A systematic review published in 2013 found the strongest independent predictors of lymph node metastasis to be lymphatic invasion, submucosal invasion ≥ 1 mm, tumor budding, and poor histological differentiation (Bosch SL, et al. Endoscopy. 2013;45[10]:827–834).

A meta-analysis published in 2017 found a strong association between the presence of tumor budding and risk of nodal metastasis in pT1 CRC (Cappellesso R, et al. Hum Pathol. 2017;65:62–70).

Another clinical scenario is stage II CRC where the pathologist isn’t forecasting lymph node metastasis, she says, but instead looking at tumor budding as a factor for tumor progression and patient survival. “The clinical decision that needs to be made here is can or should a patient receive adjuvant chemotherapy?”

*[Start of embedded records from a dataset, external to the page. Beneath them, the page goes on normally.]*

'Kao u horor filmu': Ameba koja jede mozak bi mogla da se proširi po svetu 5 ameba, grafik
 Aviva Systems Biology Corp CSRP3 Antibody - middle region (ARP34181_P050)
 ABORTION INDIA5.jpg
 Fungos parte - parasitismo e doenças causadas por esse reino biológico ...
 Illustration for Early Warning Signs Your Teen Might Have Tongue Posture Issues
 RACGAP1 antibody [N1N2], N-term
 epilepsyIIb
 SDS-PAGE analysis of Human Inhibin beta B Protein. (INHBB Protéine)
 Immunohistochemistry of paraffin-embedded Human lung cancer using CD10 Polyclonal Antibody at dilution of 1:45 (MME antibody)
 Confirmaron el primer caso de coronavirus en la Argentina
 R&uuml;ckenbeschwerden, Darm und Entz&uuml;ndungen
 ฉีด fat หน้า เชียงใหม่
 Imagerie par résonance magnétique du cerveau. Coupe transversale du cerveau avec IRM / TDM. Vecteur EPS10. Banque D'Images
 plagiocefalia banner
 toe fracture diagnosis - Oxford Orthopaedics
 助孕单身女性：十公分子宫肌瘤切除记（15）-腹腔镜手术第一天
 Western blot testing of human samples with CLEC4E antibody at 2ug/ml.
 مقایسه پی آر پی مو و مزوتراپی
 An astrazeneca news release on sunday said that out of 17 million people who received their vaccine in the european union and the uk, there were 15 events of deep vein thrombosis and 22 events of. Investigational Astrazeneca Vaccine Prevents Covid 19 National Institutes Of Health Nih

In stage II CRC, Dr. Dawson says, “it is a real matter of debate if patients should get chemotherapy or not.” Stage II has a “huge spectrum” of patients, she says, some of whom live a long time with their disease and others who have aggressive tumors. Pathologists “are under pressure to select patients who have aggressive disease. That is where tumor budding comes in because high-grade tumor budding predicts aggressive disease.”

Numerous studies have found that “tumor budding is prognostically relevant independent of stage. That’s why you can argue that tumor budding is important information across all stages of colorectal cancer. But for treatment management decisions, tumor budding will not play a role in stage III and stage IV.” The level of evidence in the literature is sufficient to support reporting of tumor budding in pT1 and stage II colorectal cancer.

Preoperative biopsies of colon and rectal cancer are the third clinical scenario and one she describes as promising. “If we could take information from a preoperative biopsy and predict clinical response to neoadjuvant therapy, this would be very useful for patients,” she says. Intratumoral budding is associated with higher T stage, higher N stage, and other aggressive features such as lymphovascular invasion. It is also associated with peritumoral budding and with survival. Here too the increased number of tumor buds presents a greater risk. “Again this is all on a biological spectrum,” she says.